Argentinean artist Alexandra Kehayoglou produces handmade wool rugs as unique works of art, with a hand-tufting process that takes several months to complete. Her powerful works merge traditional rug-making techniques with detailed site analysis, drone footage and photography. The artist takes inspirations from the landscape of her native Argentina—forests, desert islands, Patagonian glaciers, and the pastizales (grasslands) where the sheep from which the wool is sheared also graze.
One of her most recent pieces is Santa Cruz River, for NGV Triennial, which documents the proposed site of two major hydroelectricity dams on the Santa Cruz River in Argentina – the last free-flowing wild river in the country. The tapestry measures 10mx4.6m, mounted three meters up a wall and flow seven meters out onto the floor in the ground-floor space of the NGV. “People will be able to lie on it, walk on it, interact with it,” says Kehayoglou. It took two and half months to weave the carpet, but the project started a year ago with two visits to the river and two study carpets of the place.
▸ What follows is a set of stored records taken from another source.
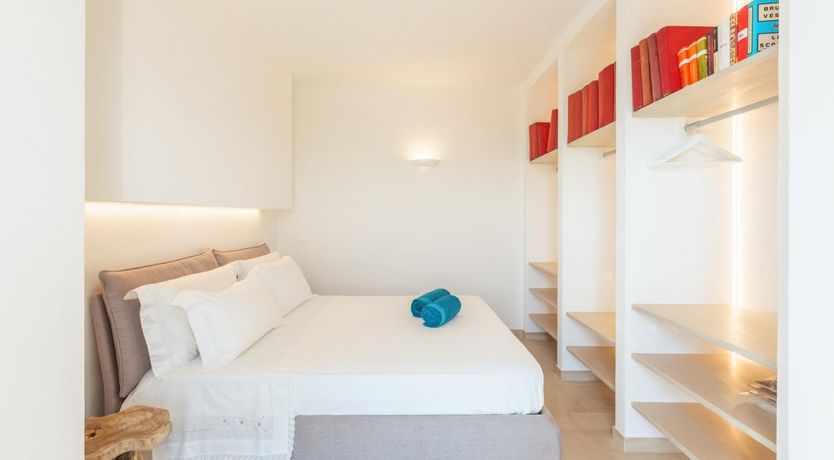 Photo of Infinite Sunshine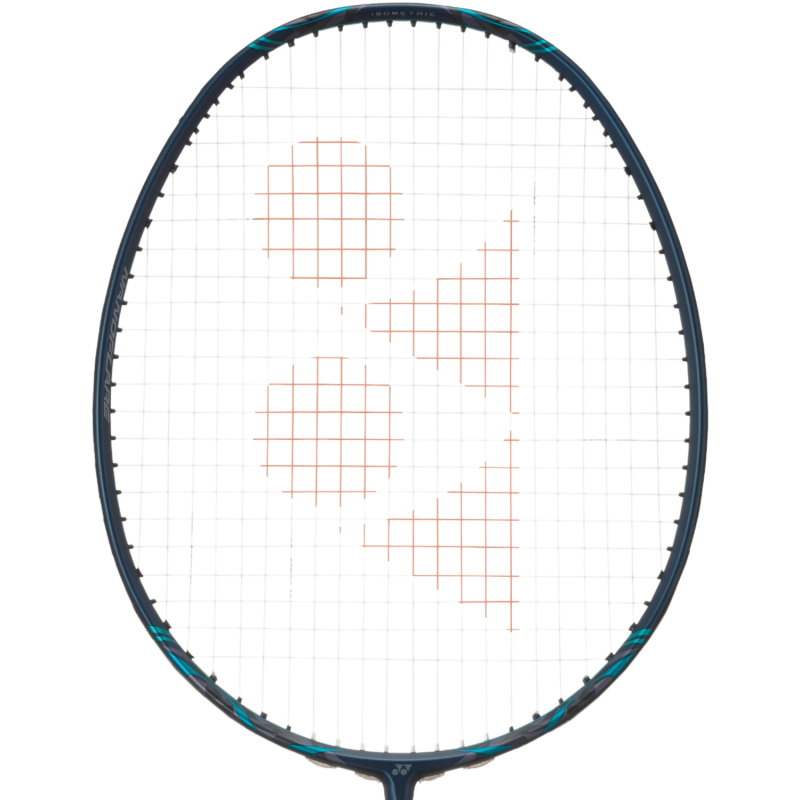 Badminton Racket YONEX Nanoflare 800 Pro (Deep Green)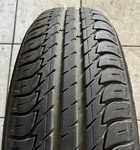 Kleber Dynaxer HP3 185/65 R15 88T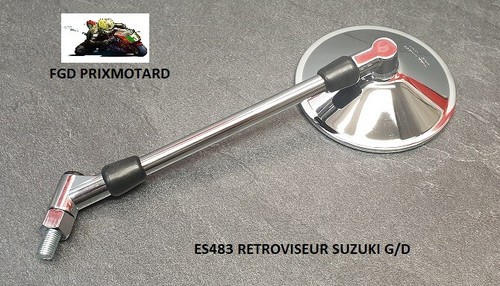 Suzuki gsf 400 bandit - suzuki,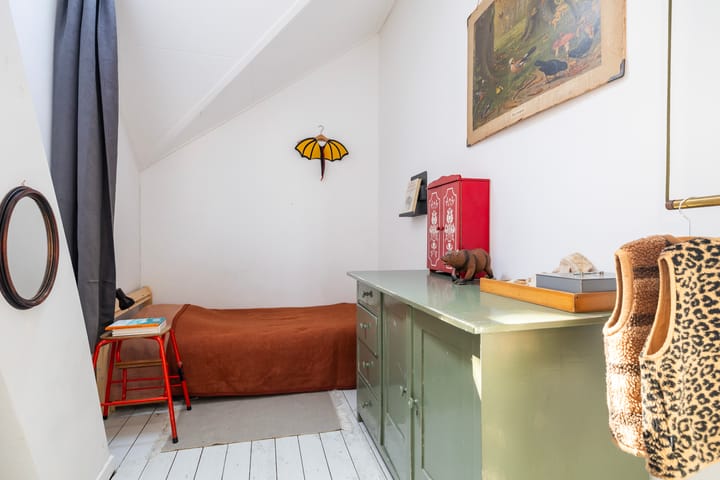 Foto 36 van Cavaleriestraat 2-1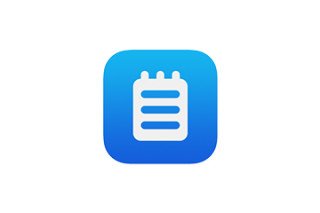 Clipboard Manager v2.7.1 mac剪贴板管理软件 Mac激活版下载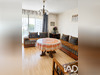 Ma-Cabane - Vente Appartement Asnières-sur-Seine, 63 m²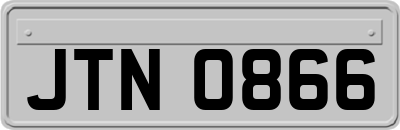 JTN0866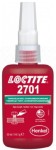 Loctite 2701 50ml Melkib .jpg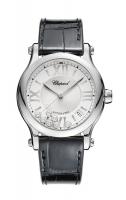 Chopard Happy sport 278559-3001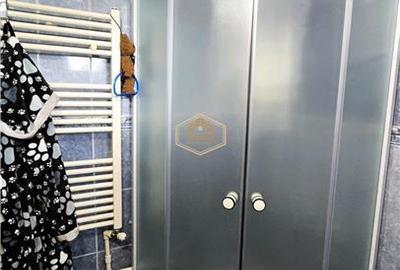 VIDEO - Calea Odoreului | Casa cu 4 camere - Teren 288 m² | <5 minute de centrul - 21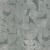 Обои Milassa Солярис Гравитация SOL3 005 10,05×1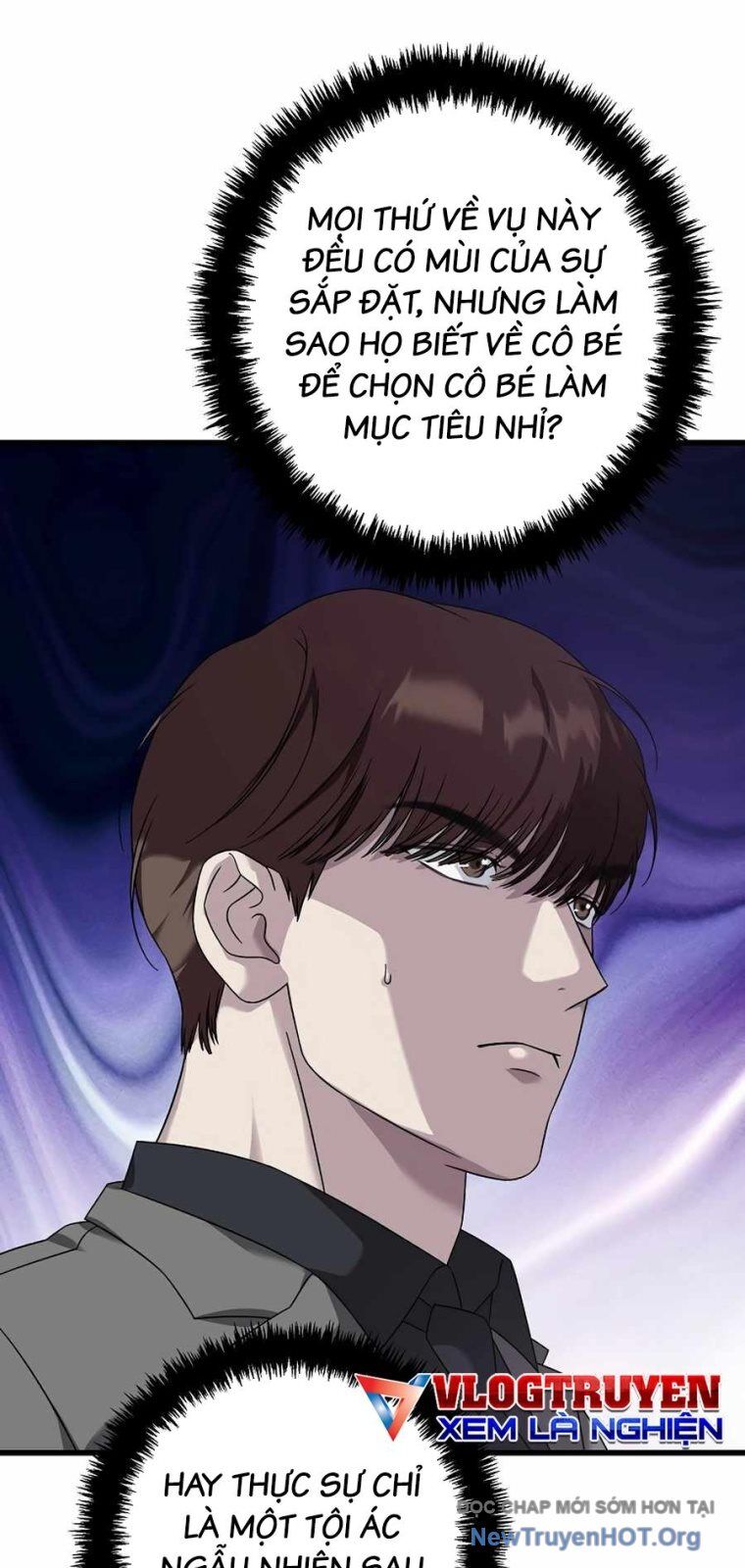 Đây là luật Chap 160 - Next Chap 159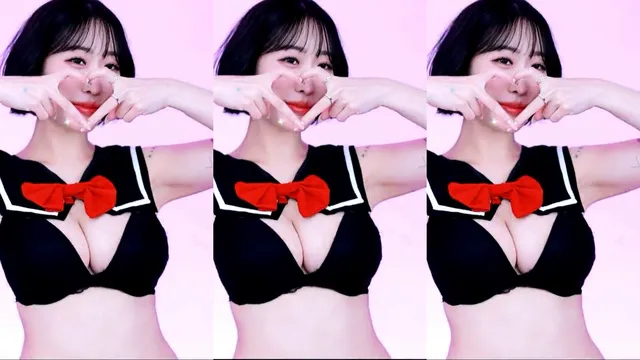 [Korean BJ] yso1004 2025-09-08-kbjkorean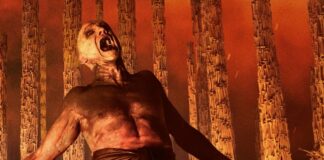 28 Years Later: The Bone Temple North America Opening Weekend: Can It Deliver The Biggest Debut In Franchise History?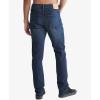 imageCalvin Klein Mens Slim Fit JeansBoston Blue Black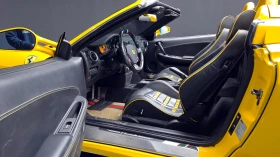 Ferrari F430 КРАЙНА ЦЕНА | Auto.bg — изображение 10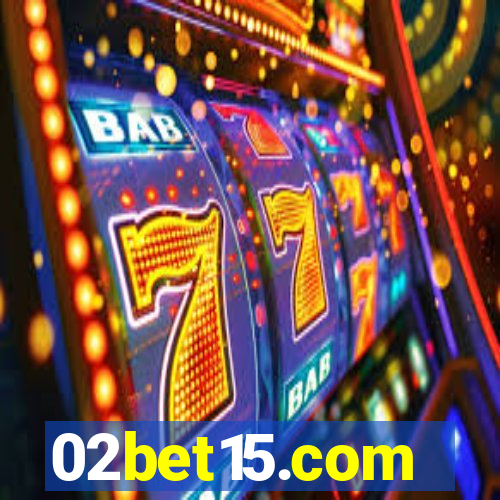 02bet15.com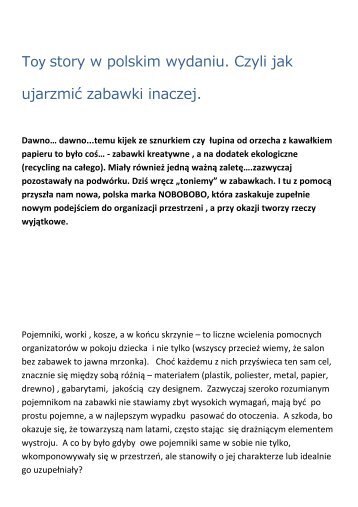 kupa.pdf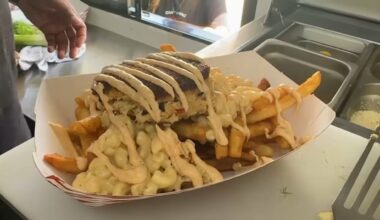 Florida Foodies Fest to feature more than 100 vendors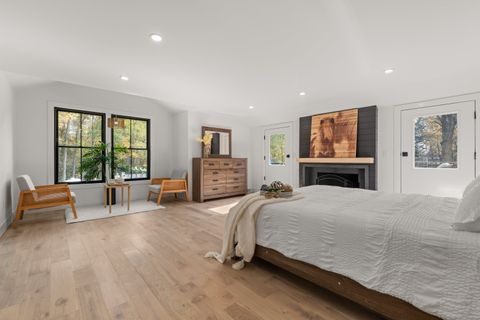 Tiny photo for 372 Tucker Hill Road, Middlebury, CT 06762 (MLS # 24129892)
The role of art for her, as she mentioned in an interview, is that it’s a tool or medium to put light on a reality; it is about communicating something that has the power to make a significant effect in the body and the way that we sense what surrounds us. Born in Buenos Aires in 1981, Kehayoglou has made a name for creating large textile sculpture. She recently also worked together with architecture design company MVRDV to create a theater’s interior for JUT Foundation, located at Taipei, Taiwan.